A Polônia baseou o seu regime econômico na propriedade agrícola privada, não numa economia coletivista. Mesmo depois de ter nacionalizado a grande e média indústria, a Polônia continua sendo um país onde 60% dos operários da indústria trabalham em empresas particulares. O desenvolvimento destas não é de forma alguma entravado, porque a lei admite a extensão da empresa privada, tanto do ponto de vista da produção como do número de operários empregados, sem que por isso essa empresa possa ser ameaçada de nacionalização. Paralelamente à lei de nacionalização, foi aprovada uma lei de proteção e encorajamento à iniciativa privada, à qual é reconhecido um lugar importante na economia polonesa e garantido o livre desenvolvimento.
Se é portanto duma revolução que se trata, é apenas em relação ao estado retrógrado em que se achava a economia da Polônia antes de setembro de 1939.
A nossa revolução sem violência abrange ainda dois outros domínios de grande importância para a vida do país: ensino e o exército.
No que diz respeito ao ensino, graças ao aumento do número de escolas e a extensão do auxilio do Estado, foi assegurado a igualdade à juventude operária e camponesa.

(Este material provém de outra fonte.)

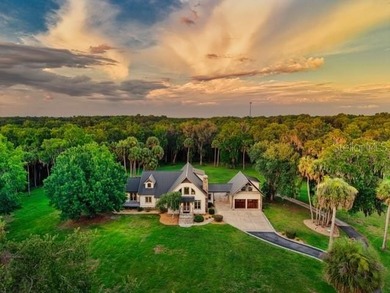 Welcome to one of Ocala's most extraordinary private sporting & - photo 10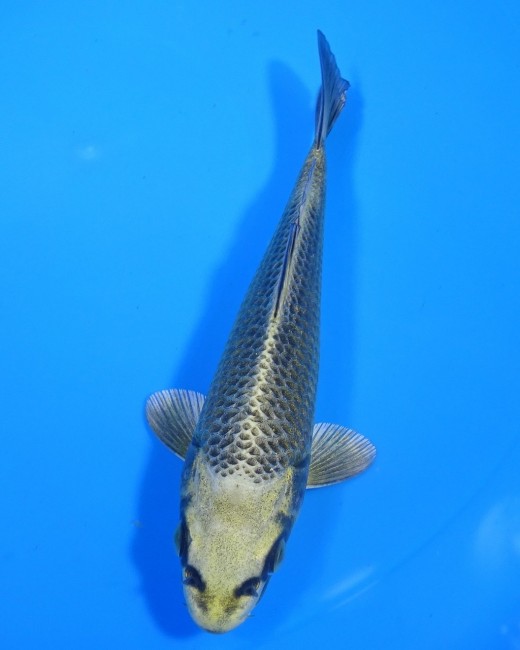 むかし黄金 14cm 錦屋養鯉場 むかし黄金 14cm 錦屋養鯉場 錦鯉販売 通信販売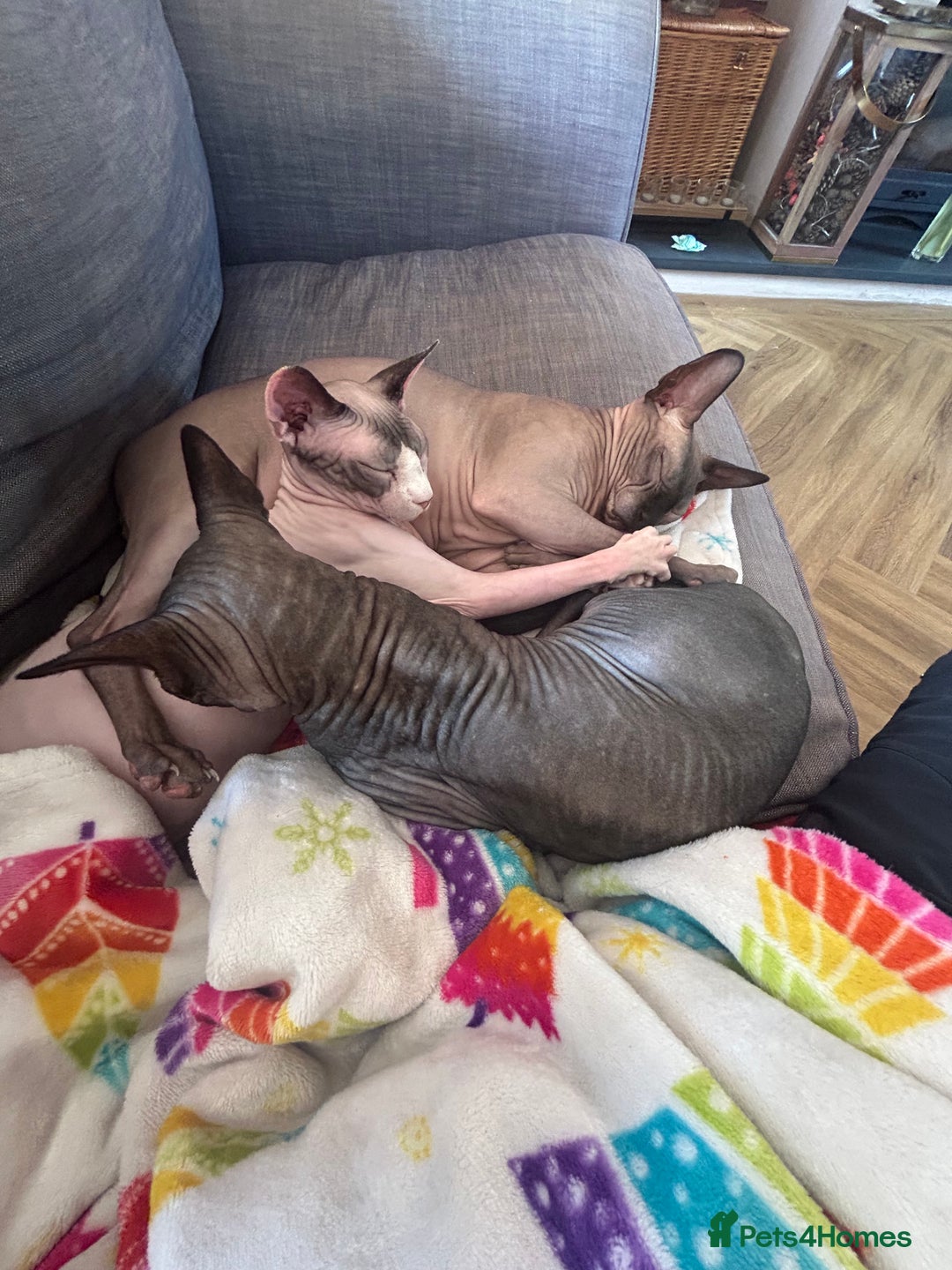 Sphynx cats for sale: Beautiful lot of Sphynx kittens from family pets - Image 24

O sistema de subvenções e bolsas de estudo franqueou largamente as portas das escolas e das universidades aos filhos das classes sociais até então deserdadas.
Possuímos hoje mais escolas e universidades do que antes da guerra, apesar das terríveis perdas sofridas tanto em edifícios, instituições e laboratórios, como no pessoal de ensino. Existem hoje nas nossas escolas e universidade mais filhos de operários e camponeses do que existiram durante os vinte anos que precederam a guerra.

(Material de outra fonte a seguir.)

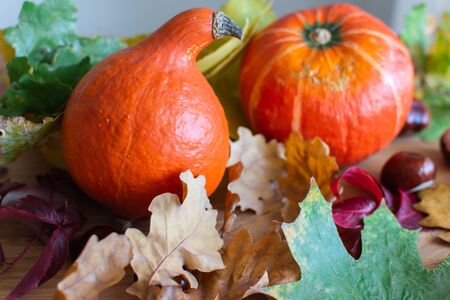 Autumn background with orange pumpkins and leaves of maple, oak and grape and chestnut fruitsの写真素材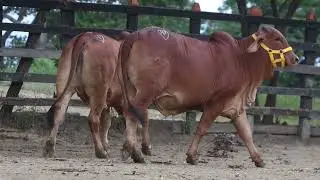 LOTE 39 -  EL SANTUARIO ZULEIMA, EL SANTUARIO ANA LUISA (EL SANTURIO)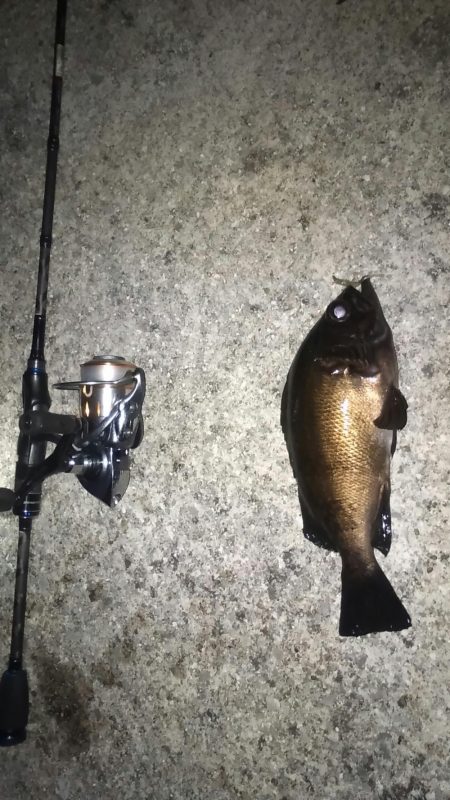 生態調査 in 垂水漁港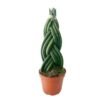 Sansevieria Cylindrica Braided 1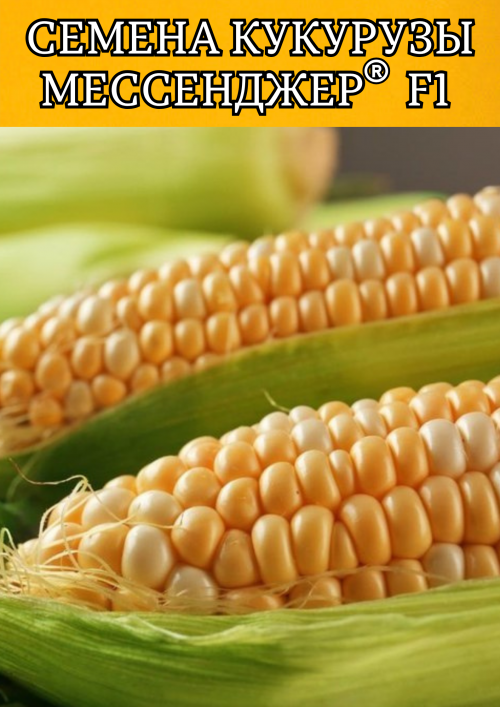Мессенджер F1 семена сладкой кукурузы 5000 штук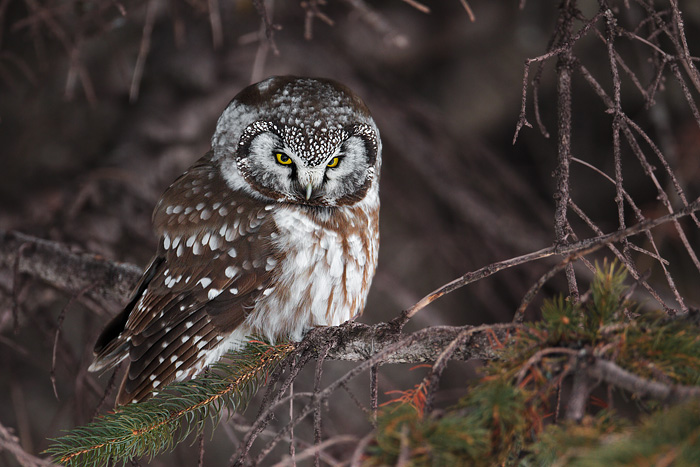 Boreal Owl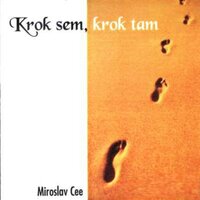 Pták v trní - Miroslav Cee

O mesmo se dá com o exército. O grau de oficial tornou-se acessível aos filhos dos camponeses e dos operários. O exército deixou de ser uma casta. O corpo de oficiais é largamente aberto a todas as camadas sociais do país. Ao lado dos antigos quadros, encontramos hoje oficiais da ativa de origem camponesa ou operária. Pela sua estrutura social, o exército representa realmente a Nação. O critério da admissão nas escolas militares é a capacidade, e não a origem social e o grau de instrução.

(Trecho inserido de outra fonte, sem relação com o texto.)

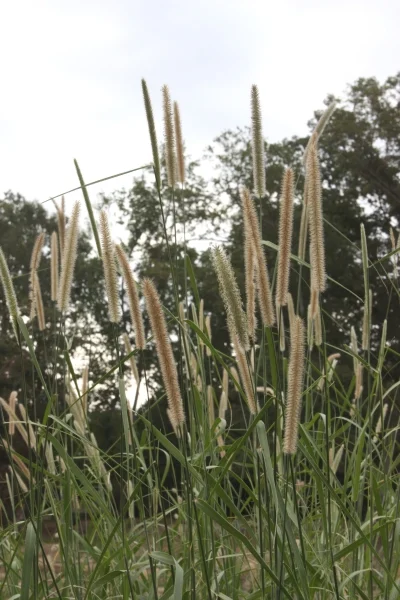 Nekkid Fountain Grass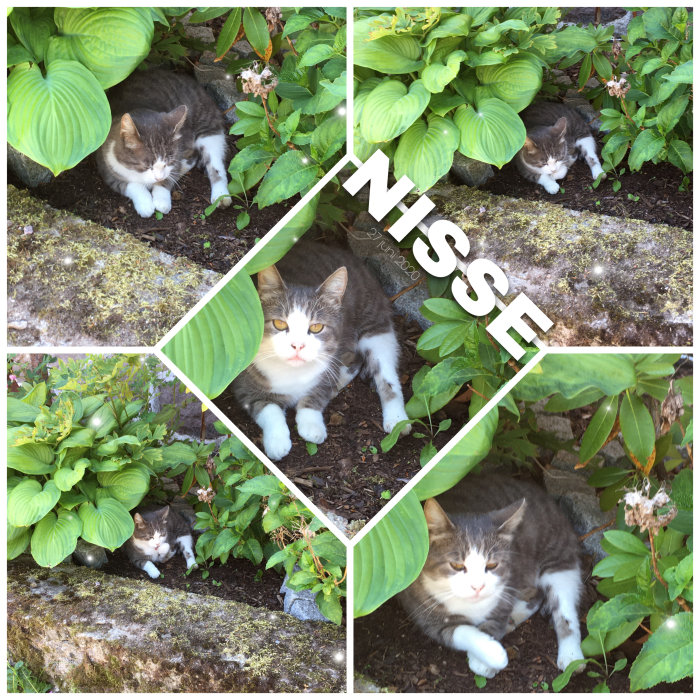 Kollage av en katt som ligger under stora gröna blad, ser avslappnad ut med en vattensten i närheten.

Tal é, em resumo, o aspecto da Revolução Polonesa. É possível que, para os outros, ela represente pouca coisa. Para nós, é enorme. Enveredamos pela estrada do progresso. Seguimo-la ao lado das Nações que, mais felizes do que nós, a trilham muito tempo. Sob nenhum pretexto, nem por qualquer preço, consentiremos em desviar-nos dela. Todos os países, todas as Nações passaram, cedo ou tarde, no curso da sua história, por uma revolução mais ou menos grande. As fórmulas da vida envelhecem como a moda. Uma roupa "démodé" deve ser renovada. A revolução é o despojamento brutal de uma roupa antiquada, incomoda que impede os movimentos. Essa roupa, trouxemo-la demasiado tempo. E só a revolução podia fazer verdadeiramente de nós homens da nossa época. O nosso orgulho e a nossa alegria estão em termos sabido realizá-la nas condições mais difíceis. E ainda em termos feito a mais pacífica das grandes revoluções.